Education and Schooling

Education and Schooling

If you can control a man’s thinking, you don’t have to worry about his actions. If you can determine what a man thinks, you do not have to worry about what he will do. If you can make a man believe that he is inferior, you don’t have to compel him to seek an inferior status, he will do so without being told and if you can make a man believe that he is justly an outcast, you don’t have to order him to the back door, he will go to the back door on his own and if there is no back door, the very nature of the man will demand that you build one.

~Carter G. Woodson, The MisEducation of the Negro

There has been a recent flurry of comments regarding educational reform and I want to chime in with a bit of a clarification: Namely, that education and schooling are not the same thing. Furthermore, education and compulsory schooling are not the same thing either. In fact, it seems to me that adding compulsion to the equation makes them even more different. So, before we begin to tout this or that reform we ought to ask the originary question: What are compulsory schools for?

We seem to assume that schools are intentionally designed for educational purposes, but history doesn’t tell that story. If we look to the origins of compulsory schooling the US in the 1830’s Common School Movement, supported by Horace Mann and the Whigs, we find an experiment in mind control that was aimed directly at colonizing Catholics and later at the Negro, so on and so forth. Now, this doesn’t mean that nothing has changed, however, it should make us question why it is that we simply assume that schools are intended to educate the human person as some kind of magical destiny of the state-enforced compulsory schooling system.

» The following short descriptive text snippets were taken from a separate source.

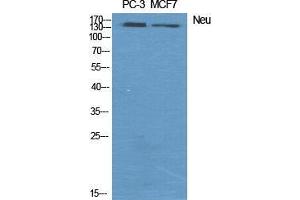 Western Blot (WB) analysis of specific cells using Neu Polyclonal Antibody. (NEURL anticorps  (Ser354))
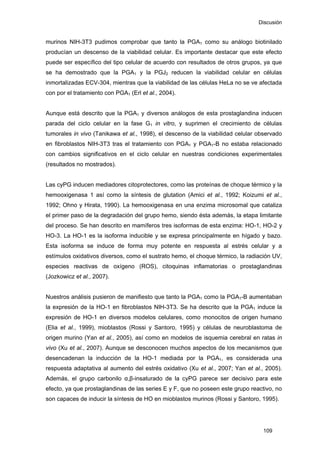 Discusión
murinos NIH-3T3 pudimos comprobar que tanto la PGA1 como su análogo biotinilado
producían un descenso de la viabilidad celular. Es importante destacar que este efecto
puede ser específico del tipo celular de acuerdo con resultados de otros grupos, ya que
se ha demostrado que la PGA1 y la PGJ2 reducen la viabilidad celular en células
inmortalizadas ECV-304, mientras que la viabilidad de las células HeLa no se ve afectada
con por el tratamiento con PGA1 (Erl et al., 2004).
Aunque está descrito que la PGA1 y diversos análogos de esta prostaglandina inducen
parada del ciclo celular en la fase G1 in vitro, y suprimen el crecimiento de células
tumorales in vivo (Tanikawa et al., 1998), el descenso de la viabilidad celular observado
en fibroblastos NIH-3T3 tras el tratamiento con PGA1 y PGA1-B no estaba relacionado
con cambios significativos en el ciclo celular en nuestras condiciones experimentales
(resultados no mostrados).
Las cyPG inducen mediadores citoprotectores, como las proteínas de choque térmico y la
hemooxigenasa 1 así como la síntesis de glutation (Amici et al., 1992; Koizumi et al.,
1992; Ohno y Hirata, 1990). La hemooxigenasa en una enzima microsomal que cataliza
el primer paso de la degradación del grupo hemo, siendo ésta además, la etapa limitante
del proceso. Se han descrito en mamíferos tres isoformas de esta enzima: HO-1, HO-2 y
HO-3. La HO-1 es la isoforma inducible y se expresa principalmente en hígado y bazo.
Esta isoforma se induce de forma muy potente en respuesta al estrés celular y a
estímulos oxidativos diversos, como el sustrato hemo, el choque térmico, la radiación UV,
especies reactivas de oxígeno (ROS), citoquinas inflamatorias o prostaglandinas
(Jozkowicz et al., 2007).
Nuestros análisis pusieron de manifiesto que tanto la PGA1 como la PGA1-B aumentaban
la expresión de la HO-1 en fibroblastos NIH-3T3. Se ha descrito que la PGA1 induce la
expresión de HO-1 en diversos modelos celulares, como monocitos de origen humano
(Elia et al., 1999), mioblastos (Rossi y Santoro, 1995) y células de neuroblastoma de
origen murino (Yan et al., 2005), así como en modelos de isquemia cerebral en ratas in
vivo (Xu et al., 2007). Aunque se desconocen muchos aspectos de los mecanismos que
desencadenan la inducción de la HO-1 mediada por la PGA1, es considerada una
respuesta adaptativa al aumento del estrés oxidativo (Xu et al., 2007; Yan et al., 2005).
Además, el grupo carbonilo α,β-insaturado de la cyPG parece ser decisivo para este
efecto, ya que prostaglandinas de las series E y F, que no poseen este grupo reactivo, no
son capaces de inducir la síntesis de HO en mioblastos murinos (Rossi y Santoro, 1995).
109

This is not a matter of partisanship. From critical left to right we find these indictments from Chomsky-inspired leftists (see: David Gabbard et al) to libertarian-minded freemarketeers (see: John Taylor Gatto and friends). This all grows from a tradition of dissent that has been well-ignored by most. Especially “educators” and politicians who “care” about education.

From Ivan Illich’s “DeSchooling Society” to Pablo Freire’s “Pedagogy of the Oppressed” and countless others (Neil Postman, John Holt, Jonathon Kozol, and don’t forget Jean-Jaques Roussaeu’s “Emile”!) the lessons learned from the past, and the current debacle of the standards movement, show that equating education and schooling as the same thing is the first step to forgetting about education altogether.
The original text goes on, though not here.